One is through education of our care providers. In the American Lung Association’s lung barometer, it found only 15% of individuals knew that lung cancer screening was an essential health benefit to them. And so we need to empower our primary care providers to enroll their patients into lung cancer screening. Also, patients themselves need to understand that this is a benefit for them. At UC Davis Comprehensive Cancer Center, we partnered with private industry to really increase that awareness amongst our African American communities in our Sacramento region, and that includes billboards on highways and roads in the African American communities, and also advertisements in areas such as public transportation, as we know that people of color utilize public transportation more than other communities as well. So those type of interventions, lung cancer screening is just one example. Another example, in how can we reduce those disparities, is really on the policy side. For instance, in our Sacramento area, we had legislation that banned flavored tobacco products. And we do know that the tobacco industry has targeted the African American community with flavored tobacco, specifically menthol. And the idea is that banning those flavored products not only helps our youth, but also helps our targeted communities of color.

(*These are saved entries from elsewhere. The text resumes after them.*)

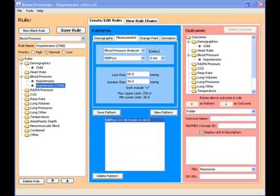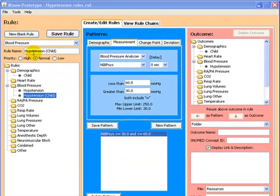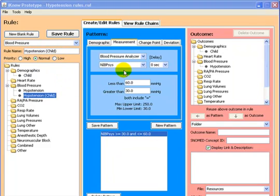I now wish to demonstrate how rule chaining works. In this example, we combine the rules of child with that of hypotension. So initially we make a new rule called hypotension in a child. For this we choose a measurement pattern which is very similar to the previous measurement pattern for hypotension, except we use a lower value for the systolic blood pressure.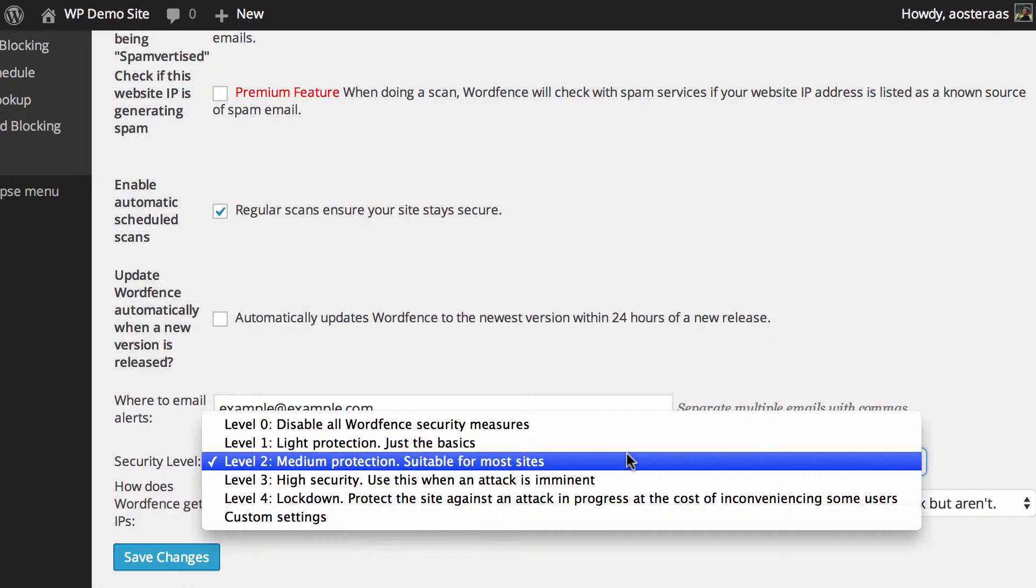To give you an idea of how you might choose to manage this particular setting, as it says, level 2 is suitable for most sites, and unless you're noticing any problems in the operation of your website or any problems from users, that's probably going to be fine for almost forever.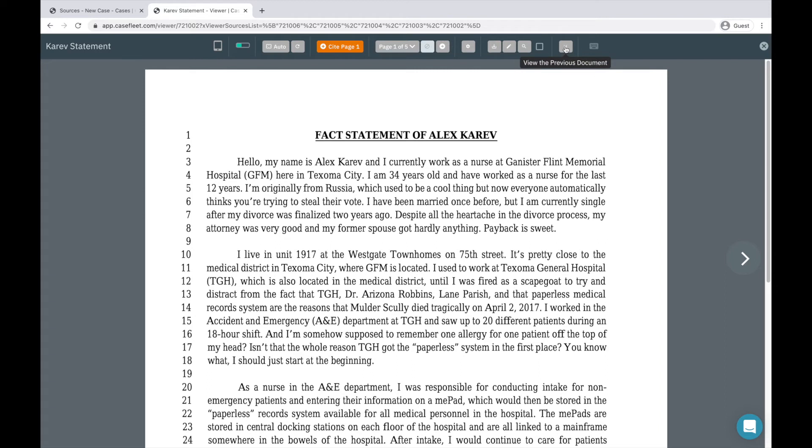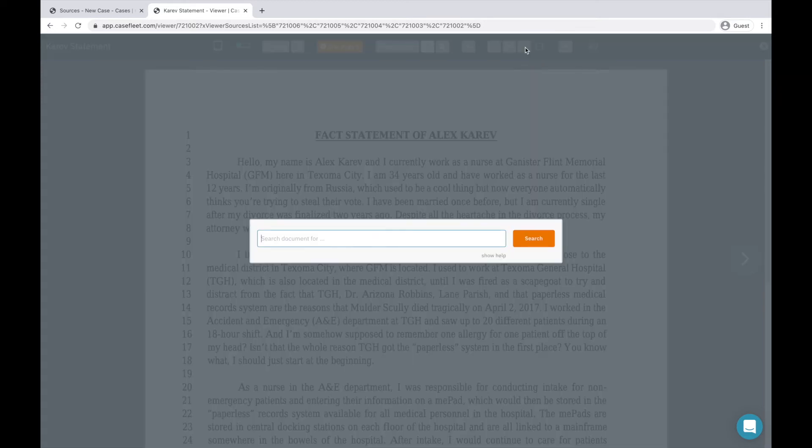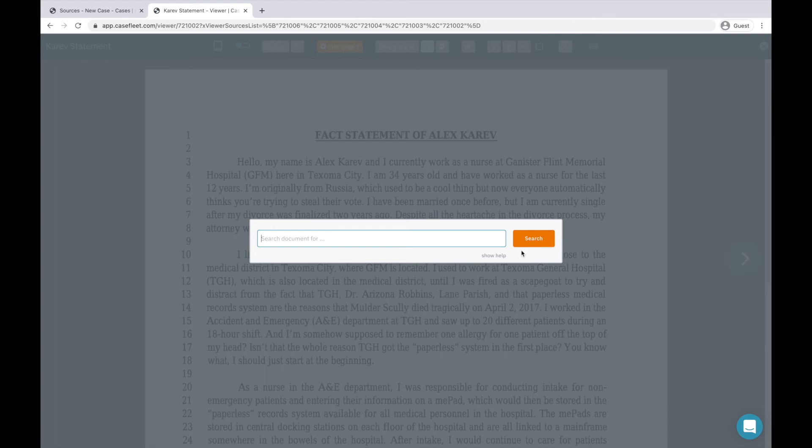For standard and enterprise accounts, our Document Review platform also includes full-text search, which you access here. You can search for an exact phrase, find words in proximity to each other, as well as use Boolean and wildcard searches to find exactly what you're looking for.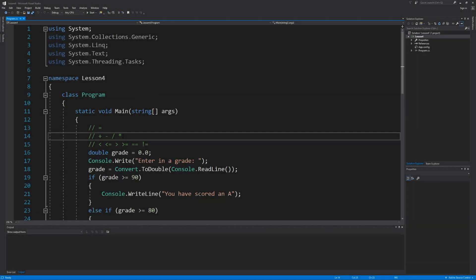Welcome back everybody to another lesson in C# programming. In our previous lesson, we learned how to use if statements to allow blocks of code to execute based on if an expression with a single condition evaluated to be true. In today's lesson, we're going to expand on that by coding an expression to have multiple conditions using the logical operators.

Kristie L. Kahl: What would you say is your biggest piece of advice for an individual who may be facing any of these challenges with access to care?
Dr. David Cooke: Ask your care provider, “What's the standard of care treatment for me?” If you are a former smoker, ask your care provider, “Can I undergo lung cancer screening with a low dose CT scan?” If you're diagnosed with lung cancer, ask your care provider, “Is there a clinical trial that's open to me?” And if it's not open at the at the center that you're being treated, “Where near me? Are there clinical trials that could benefit for me? Am I a surgical candidate? Can I undergo surgery to remove this lung cancer from my body?”
So, really be well informed. And there's many ways for our communities to be well informed. They could go to the American Lung Association website, lung.org, they could go to the National Cancer Institute's website, cancer.gov, or they could look to see if there's a comprehensive cancer center within their community and seek to obtain care at that center of excellence.